In order to take account of these changes, at the joint annual meetings of shareholders of Carnival Corporation and Carnival plc held on April 15, 2009, our shareholders adopted amended and restated Articles of Association of Carnival plc, which are consistent with current law and practice and with the changes brought about by the Companies Act 2006. The amendments to the Articles of Association of Carnival plc were described in our joint annual proxy statement filed with the U.S. Securities and Exchange Commission on March 2, 2009.

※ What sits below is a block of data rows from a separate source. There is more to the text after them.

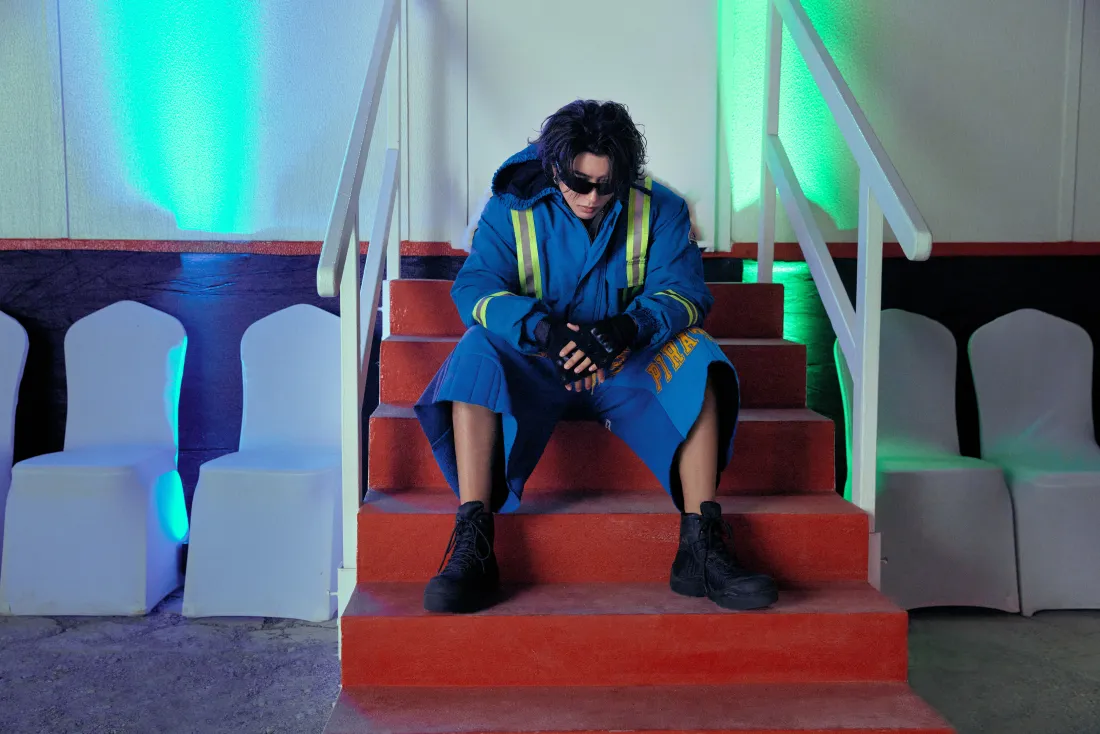 8k蔡徐坤壁纸｜明星背景图片 - 酷感写真「哲风壁纸」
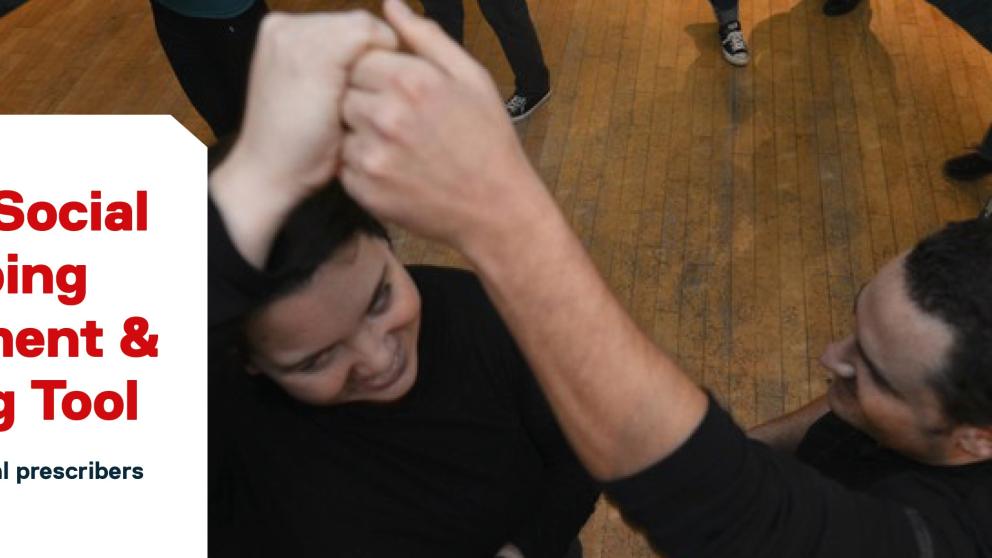 Social prescribing tool banner image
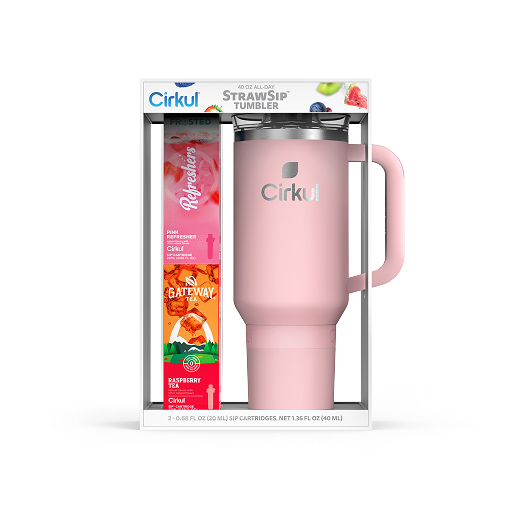 CX: 40oz. Blush Pink Tumbler Starter Kit (2C)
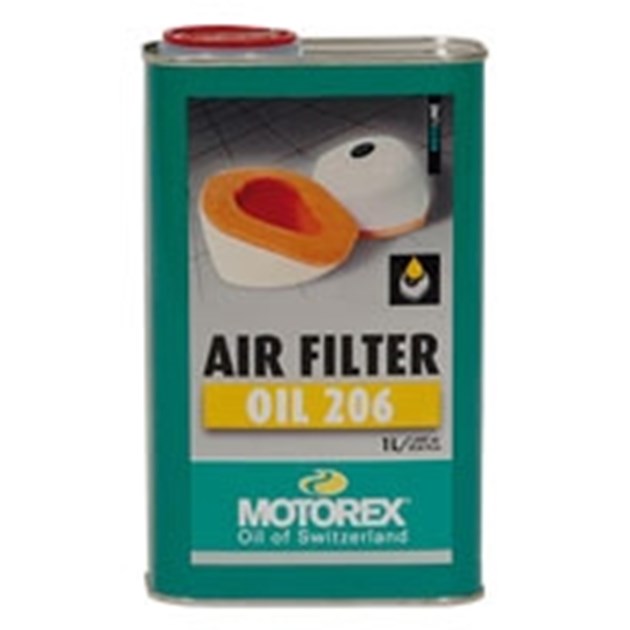 MOTOREX olej na vzduchový filtr 1litr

As a result of the amendments to the Articles of Association of Carnival plc and in response to corporate governance developments in the United Kingdom and United States, on April 14, 2009, our Board of Directors adopted the Third Amended and Restated By-Laws of Carnival Corporation, subject to shareholder approval of the amended and restated Articles of Association of Carnival plc. Simultaneous with the shareholder approval of the amendments to the Carnival plc Articles of Association on April 15, 2009, the Third Amended and Restated By-Laws became effective.The Third Amended and Restated By-Laws:
• amend Section 2.2 and add Section 3.22 to (a) adopt advance notice provisions to require shareholders to provide advance notice of their intention to submit proposals or director nominations prior to shareholder meetings, including procedures and timelines for such shareholder proposals and director nominations and (b) adopt requirements for any proposing shareholder to provide Carnival Corporation with certain information;
• add Section 3.21 to include a provision authorizing the Board of Directors of Carnival Corporation to act by written consent, consistent with the Third Amended and Restated Articles of Incorporation of Carnival Corporation; and
• add Section 3.23 to permit the Carnival Corporation board of directors to waive a conflict of interest (and certain fiduciary duties owed to the company) for a director if certain conditions set by the board are met.
In addition, on April 15, 2009, the Carnival plc Memorandum of Association was amended to reflect the increase in the authorized share capital of Carnival plc, which was approved by shareholders at the joint annual meetings of shareholders of Carnival Corporation and Carnival plc held on April 15, 2009.
(d) Exhibits.
3.1 Third Amended and Restated By-Laws of Carnival Corporation.
3.2 Memorandum of Association of Carnival plc.
3.3 Articles of Association of Carnival plc.